Tuesday’s vote in the UN Human Rights Council was on a measure that would encourage member states to apply a moratorium to the use of the death penalty, noting in its preamble the way that it can be unfairly applied to women, the disabled, along racial divides, and against people engaged in “consensual same-sex relations.” That resolution passed by a vote of 27 in favor, 13 voted against it and 7 abstentions.
Coverage of the resolution has almost exclusively focused on it being the first on the death penalty to pass while mentioning LGBT relationships, which advocacy groups like the International Lesbian, Gay, Bisexual, Trans, and Intersex Association have heralded as “historic.”

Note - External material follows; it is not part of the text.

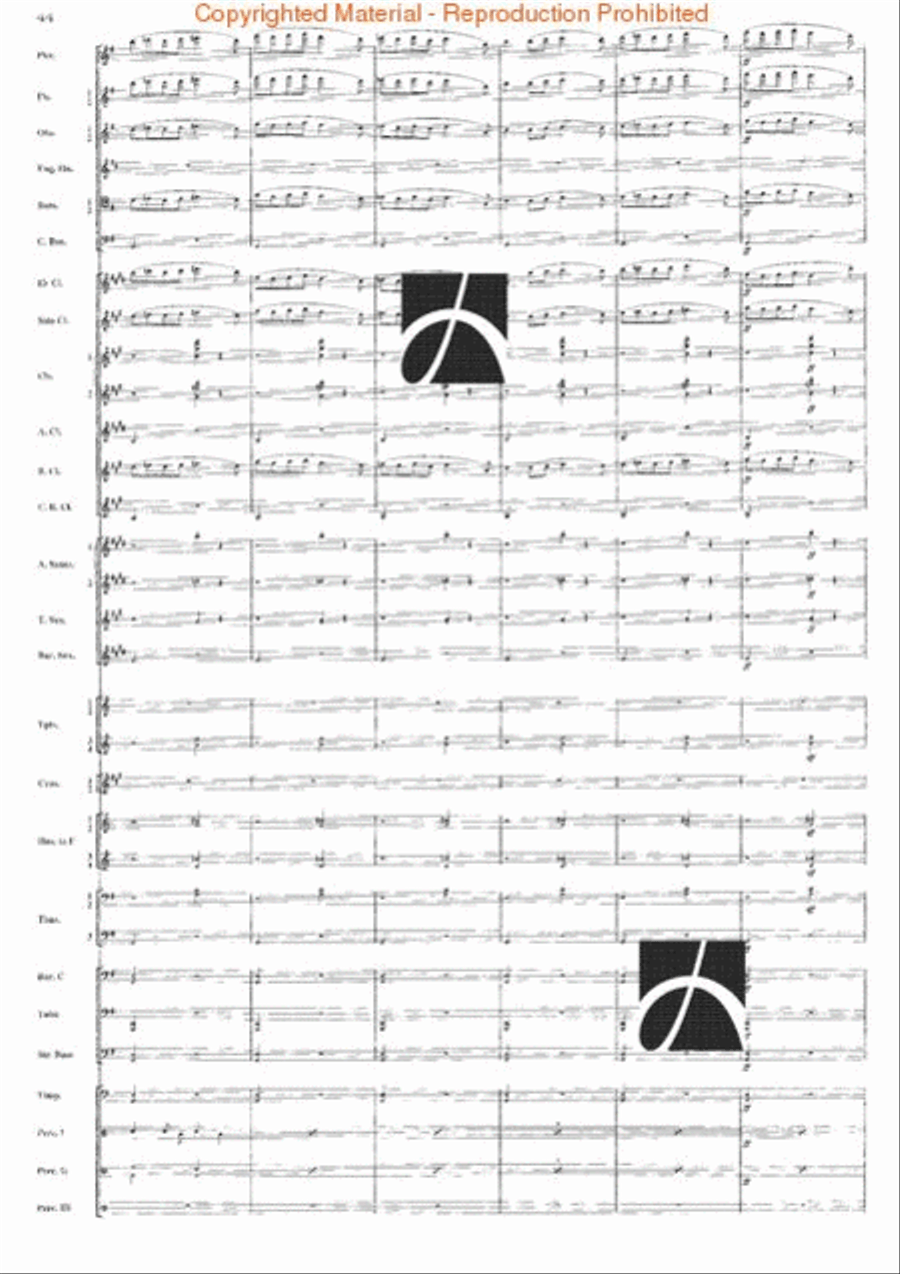 Belkis, Regina Di Saba (Part II) Concert Band scores gallery preview page 44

The US was one of the 13 votes against, alongside Iraq, Qatar, Saudi Arabia, and the United Arab Emirates, a point that led LGBT groups in particular to immediately respond, calling out the US Ambassador to the UN Nikki Haley in particular for her stance.

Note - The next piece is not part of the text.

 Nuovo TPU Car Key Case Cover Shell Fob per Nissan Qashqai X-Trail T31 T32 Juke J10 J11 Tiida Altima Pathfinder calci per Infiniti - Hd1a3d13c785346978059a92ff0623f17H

“Ambassador Haley has failed the LGBTQ community by not standing up against the barbaric use of the death penalty to punish individuals in same-sex relationships,” said Ty Cobb, director of Human Rights Campaign Global, in a statement emailed out soon after the vote.“While the UN Human Rights Council took this crucially important step, the Trump/Pence administration failed to show leadership on the world stage by not championing this critical measure. This administration’s blatant disregard for human rights and LGBTQ lives around the world is beyond disgraceful.”

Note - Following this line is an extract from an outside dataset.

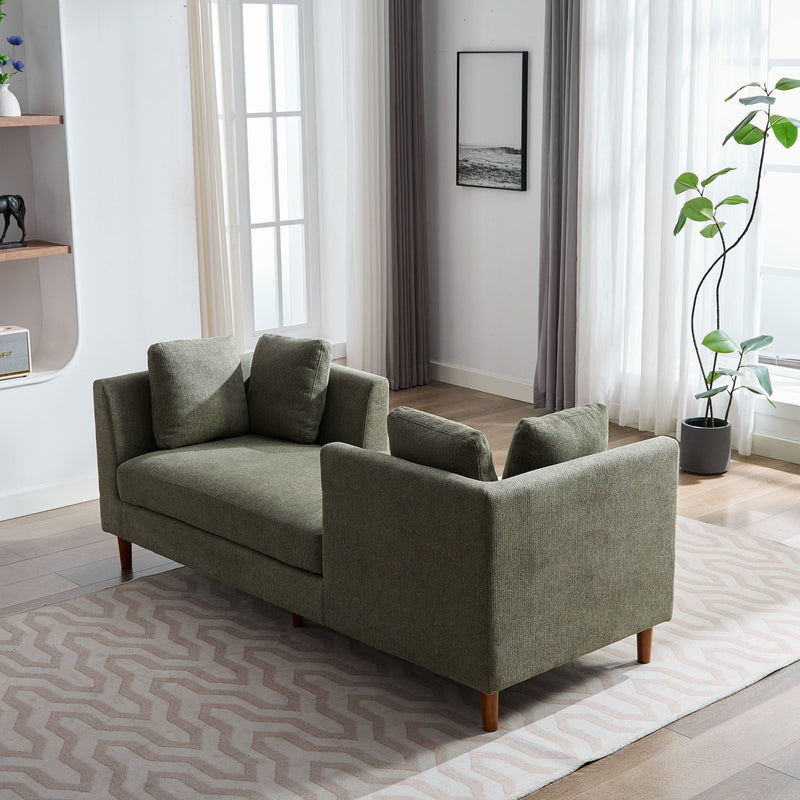 Wide Modern Double Sided Upholstered Chaise Lounge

But the resolution likely would not have seen a different vote from the UN under previous administrations. Though it lacked the portion highlighting LGBT rights, in 2014 the Obama administration abstained on a resolution at the Human Rights Council.
“International law does not prohibit capital punishment when imposed and carried out in a manner that is consistent with a state’s international obligations,” Ambassador Keith Harper said at the time. We therefore urge all governments that employ the death penalty to do so in conformity with their international human rights obligations.”
The US remains one of the few industrialized countries to still have capital punishment, which is legal in 31 out of 50 US states. In 2016, the US remained in the top ten among countries worldwide in terms of number of prisoners confirmed to have been executed, according to the Death Penalty Information Center.
The US Mission to the UN has so far given no indication of its exact reasoning for being against this particular resolution, nor is it clear that Haley or the US ambassador based in Geneva issued the same sort of endorsement of human rights to soften the blow of the “no” vote.
The Obama administration abstained on a vote on the death penalty in 2014. A previous version of this article said that it voted “no.”